00:07Bonsoir Gabrielle Cluzel et Lou Fritelle, journaliste politique à Paris Match également.
00:13Bonsoir Lou Fritelle.
00:14Bonsoir.
00:15Est-ce que vous voulez qu'on réécoute les mots de Jean-Luc Mélenchon ?
00:17Franchement, c'était il y a quelques minutes, il est en train de prononcer un discours à la Fête de l'Humanité.
00:21Ses premiers mots sont pour la Palestine.
00:24Je voudrais qu'on réécoute Jean-Luc Mélenchon.
00:26C'était il y a quelques instants.
00:28Je dédie notre rassemblement aux martyrs du peuple palestinien.
00:36Un an bientôt et les puissants ont laissé faire un génocide ininterrompu.
00:43Ils ont oublié la leçon, ils ont oublié Guernica parce qu'ils le font eux-mêmes actuellement.
00:51J'ai honte quand je pense que mon pays si puissant, son peuple toujours tellement prêt à se porter à la rescousse des grandes causes,
01:01ne fait rien pendant que le massacre continue.
01:05Alors, c'est quand même incroyable.
01:09On est à la Fête de l'Humanité.
01:11Pardon mais la gauche est un peu divisée.
01:13Pardon il y a quelques frictions entre Jean-Luc Mélenchon et François Ruffin.
01:17Pardon la France va mal.
01:19Les premiers mots de Jean-Luc Mélenchon vont pour la Palestine.
01:24Sans blague, Gabrielle Cluzel.
01:26Alors ça a le mérite de la clarté.
01:28Et d'une certaine façon cela confirme, il vient apporter de l'eau au moulin de François Ruffin
01:33qui expliquait le virage pris par Jean-Luc Mélenchon.
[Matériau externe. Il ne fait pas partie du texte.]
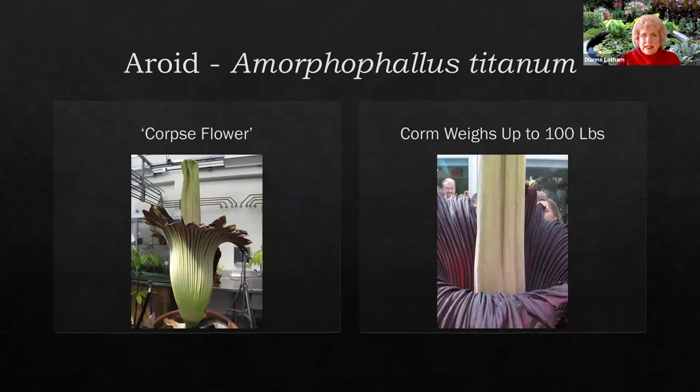Next we have the giant of all aroids, Amorphophallus titanum, also called the corpse flower. This corm will weigh up to 100 pounds and the leaf will be 10 feet tall. My husband begged me on his hands and knees not to get a seed of this plant. You can get them on the internet — a friend did, and it was within a foot of his ceiling and wasn't even mature yet. Fortunately he then moved to Peru, and hopefully took his corm with him, where it would be a good climate to grow it outside.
01:36C'est-à-dire que le prolétariat historique ne l'intéresse plus.
01:42Il a changé de cible aujourd'hui.
01:45C'est un prolétariat de substitution qui vient des populations immigrées.
01:49C'est celui-là auquel il essaie de faire les yeux doux.
01:52Donc évidemment le mot Palestine est un mot-clé.
01:54Sinon pourquoi aurait-il dit cela en premier ?
01:56Ce n'est évidemment pas les ouvriers d'Edimbeaumont qui sont intéressés au premier chef par la Palestine.
02:01Eux qui ont du mal à boucler leur fin de mois.
02:03Donc de fait, le signal est très fort.
02:06Mais enfin le ton était donné.
02:08Il y avait une invitation d'Ourya Boutelja, de Rima Hassan sur une conférence Israël-Palestine.
02:15Avec cette interrogation de la colonisation au génocide.
02:19Point d'interrogation.
02:20Le point d'interrogation a été vite balayé.
02:22Elles ne venaient pas évidemment pour parler de la culture du cresson.
02:25Elles avaient un objectif assez précis.
02:28Je veux simplement signaler, parce que je trouve que ce n'est pas assez dit, la fête de l'Huma.
02:31On a l'air de balayer son côté politique.
02:34Vous savez quand on en parle, on parle des concerts formidables.
02:36Le pass culture aujourd'hui offre aux 15-18 ans la possibilité d'aller à la fête de l'Huma.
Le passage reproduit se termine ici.